DIRE et JUGER Monsieur [Y] non fondé en l'intégralité de ses demandes ;

En conséquence, l'en DEBOUTER ;

Subsidiairement, si la Cour devait dire et juger nulle ou inopposable à Monsieur [Y] sa convention de forfait, le CONDAMNER à verser à la société ELECTRO DEPOT la somme de 3.825,34 euros correspondant au montant des JRTT dont il a bénéficié entre janvier 2016 et novembre 2018 ;

FAIRE DROIT à la demande de la société ELECTRO DEPOT ;

En conséquence, CONDAMNER Monsieur [Y] à lui verser la somme de 4.000,00 euros au titre de l'article 700 du Code de Procédure Civile ;

Le CONDAMNER aux entiers dépens, ceux d'appel distraits au profit de la SCP COHEN GUEDJ MONTERO DAVAL-GUEDJ sur son offre de droit.»

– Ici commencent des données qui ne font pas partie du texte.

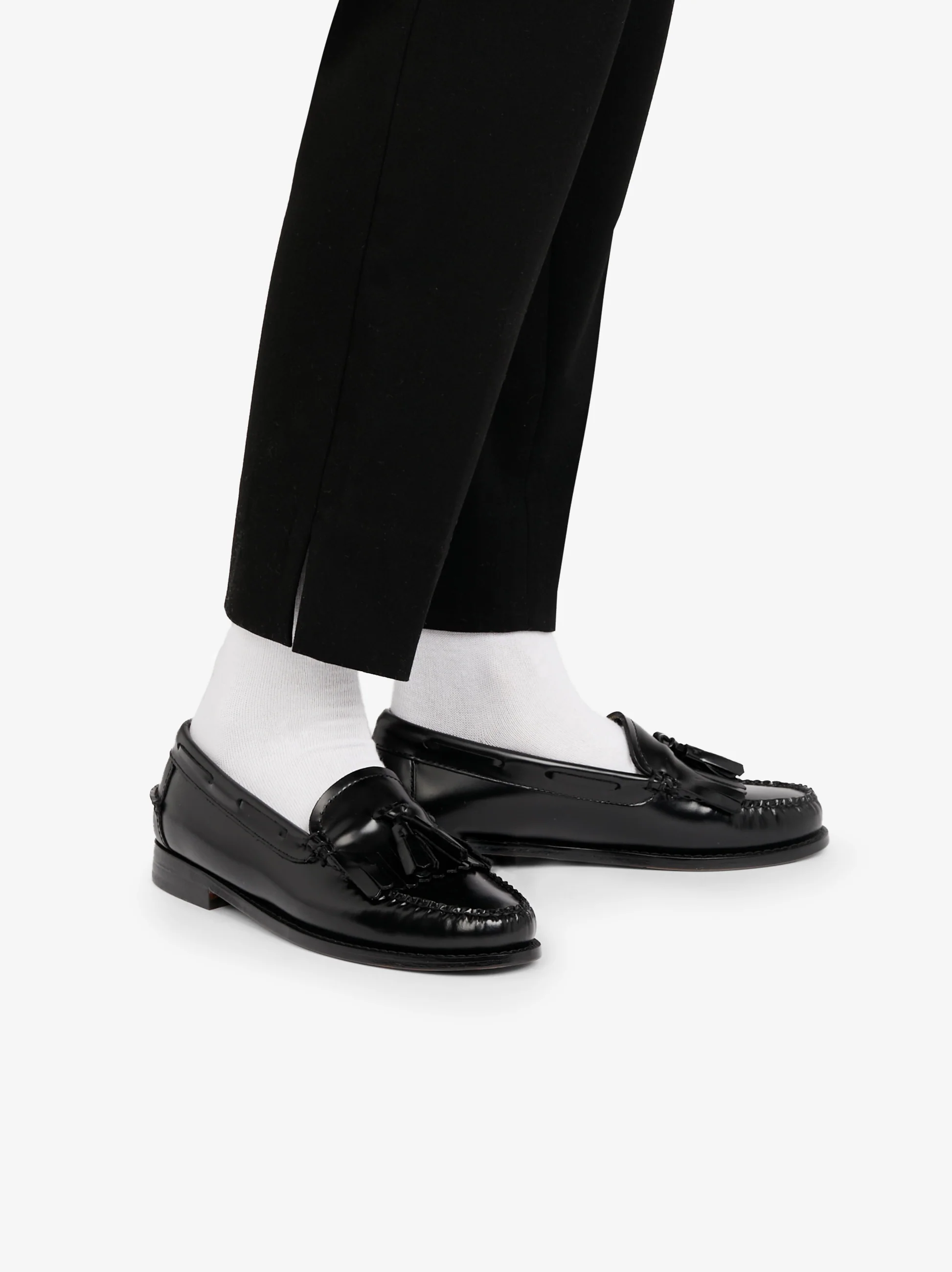 Weejuns Esther Kiltie Tassel Loafers - Image 3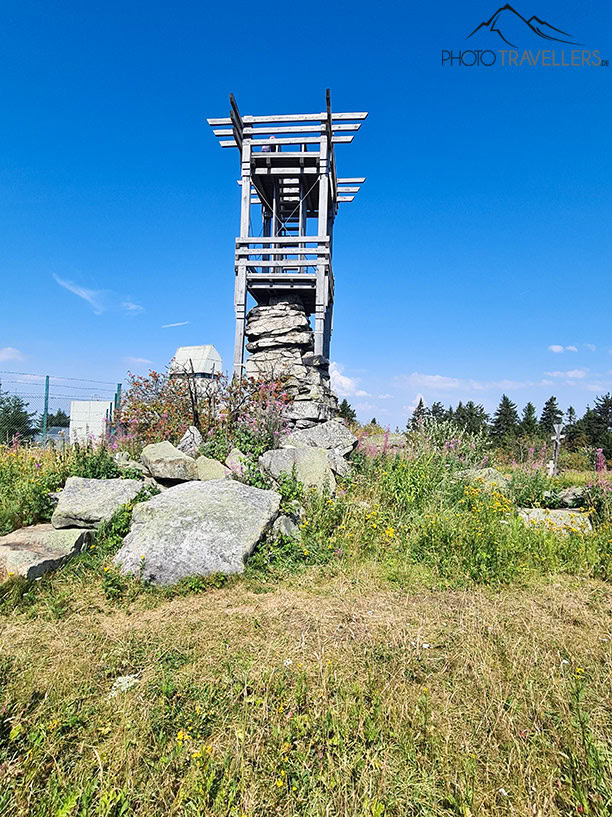 das Backöfele auf dem Schneeberg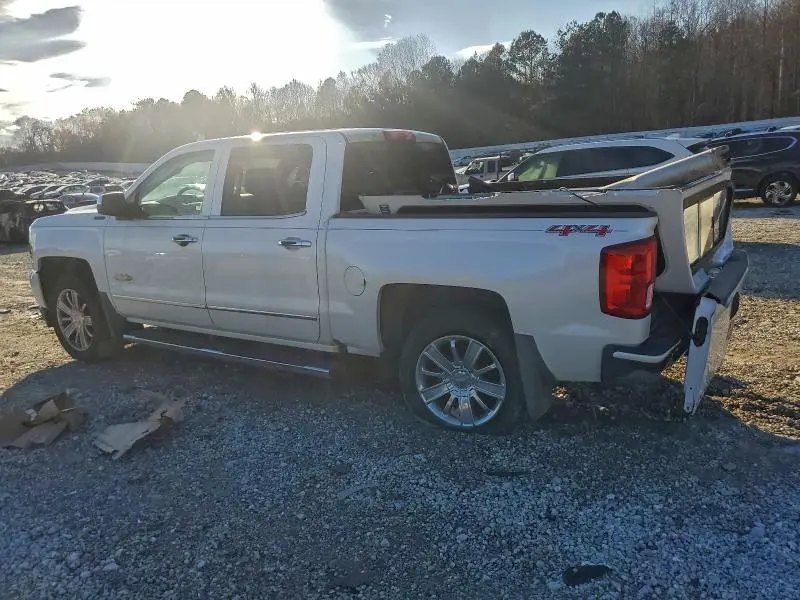 2017 CHEVROLET SILVERADO K1500 HIGH COUNTRY  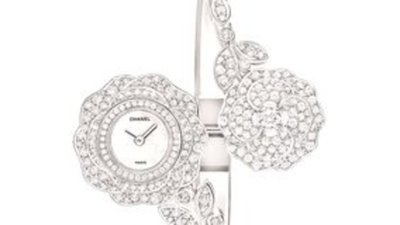 Chanel Jardin de Camélias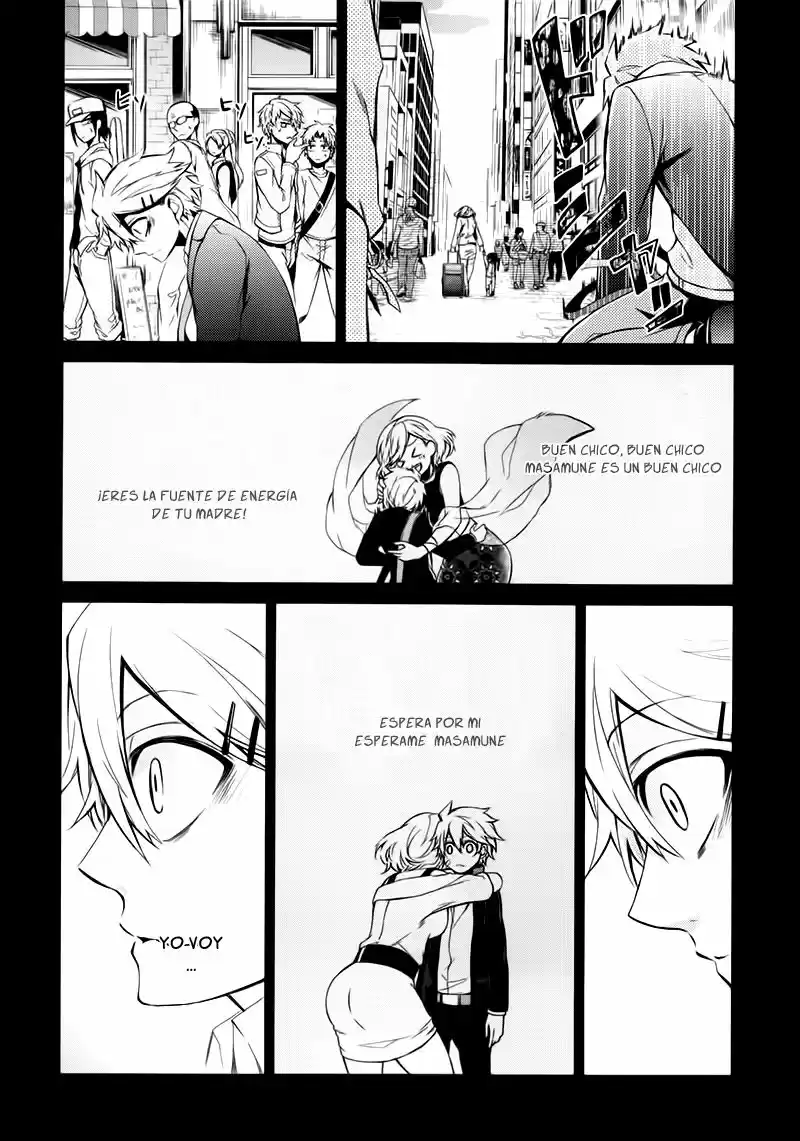 Seishun x Kikanjuu (2012) - Capítulo 31 - Página 33 - LectorTMOo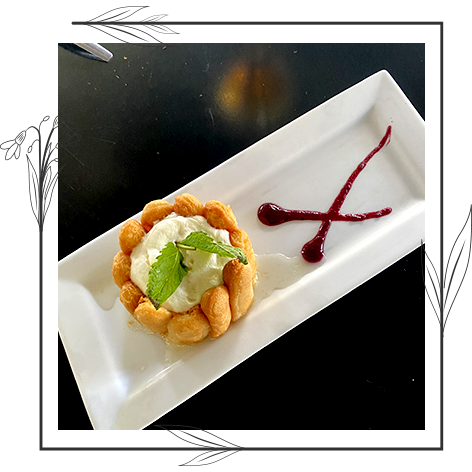 L'Aidyl - Restaurant Bruges - bon restaurant BRUGES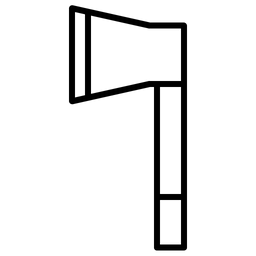 Axt  Symbol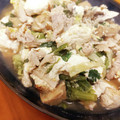 低カロ探検隊's cooksnap of when they made 冷蔵庫の余り物で！あっさり☆白菜の卵とじ.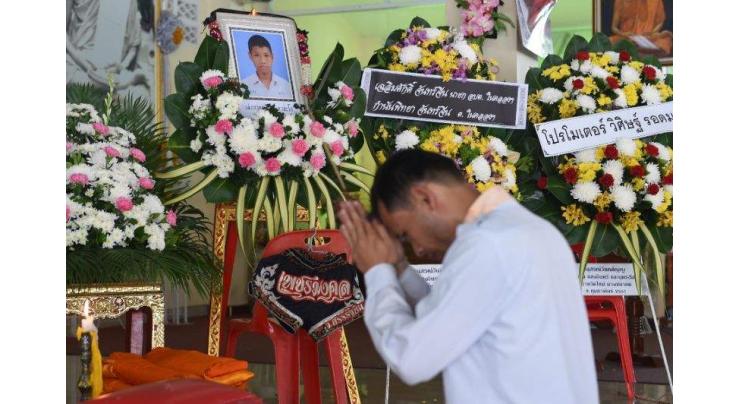 Thai child fighting culture sparks debate after 13-year-old's death
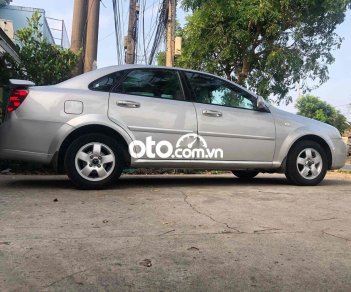 Daewoo Lacetti 2010 - Màu bạc xe gia đình, giá cực tốt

Dans ses dernières écritures transmises au greffe par voie électronique le 2 avril 2021, M. [Y] demande à la cour de :

« Réformer le jugement rendu par le conseil de prud'hommes de Marseille le 28 février 2020, en ce qu'il a requalifié le licenciement pour faute grave de M. [Y] en licenciement pour cause réelle et sérieuse, et débouter M. [Y] de sa demande d'annulation des mises à pied disciplinaires des 13 juin 2017 et 5 octobre 2018,

Et statuant à nouveau :

Juger que le licenciement de Monsieur [Y] est sans cause réelle et sérieuse ;

Annuler les mises à pied disciplinaire notifiées par lettres des 13 juin 2017 et 5 octobre 2018, en l'absence de mention dans le règlement intérieur ;

Condamner la société Électro Dépôt France à régler à Monsieur [Y] :

o 3.111,91 € à titre d'indemnité de licenciement ;

o 8.147,55 € à titre d'indemnité compensatrice de préavis ;

o 814,76 € à titre de congés payés afférents ;

o 1.170,00 € à titre de remboursement de la mise à pied conservatoire ;

o 117,00 € au titre des congés payés y afférent ;

o 13.579,25 € à titre de dommages et intérêts pour licenciement sans cause réelle et sérieuse ;

o 1.258,00 € correspondant à la déduction pour mises à pied sur les bulletins de salaire de juin 2017 et de novembre 2018 ;

o 125,80 € de congés payés afférents ;

Confirmer le jugement rendu en ce qu'il a dit que la convention forfait était nulle et condamné la société Electro Dépôt France sur le principe d'un rappel d'heures supplémentaires et indemnités de contrepartie obligatoire en repos de janvier 2016 à novembre 2018 et l'infirmer en ce qu'il a limité le quantum des condamnations et, statuant à nouveau, condamner la société Électro Dépôt France à régler à Monsieur [Y] les sommes suivantes :

o 42 523,95 € au titre de rappel d'heures supplémentaires de janvier 2016 à novembre 2018 et 4 252,40€ au titre des congés payés y afférents ;

o 21.265,96 € à titre d'indemnité de contrepartie obligatoire en repos de janvier 2016 à novembre 2018 et 2.126,60 € de congés payés afférents

En tout état de cause :

Confirmer le jugement rendu par le Conseil des prud'hommes de Marseille en ce qu'il a condamné la société ELECTRO DEPOT à verser à M. [Y] la somme de 1.500 euros au

en application de l'article 700 du procédure au titre des frais irrépétibles de première instance ;

Condamner la société Electro dépôt France à régler à M.[Y] la somme de 3.500 € au titre de l'article 700 du Code de procédure civile, au titre de la présente instance ;

Ordonner la remise des bulletins de salaire et des documents de fin de contrat de travail conformes, sous astreinte de 100 € par jour de retard à compter du jugement à intervenir ;

Juger que les condamnations porteront intérêts au taux légal à compter de la saisine du Conseil de prud'hommes ;

Condamner la société Électro Dépôt France aux entiers dépens de la procédure.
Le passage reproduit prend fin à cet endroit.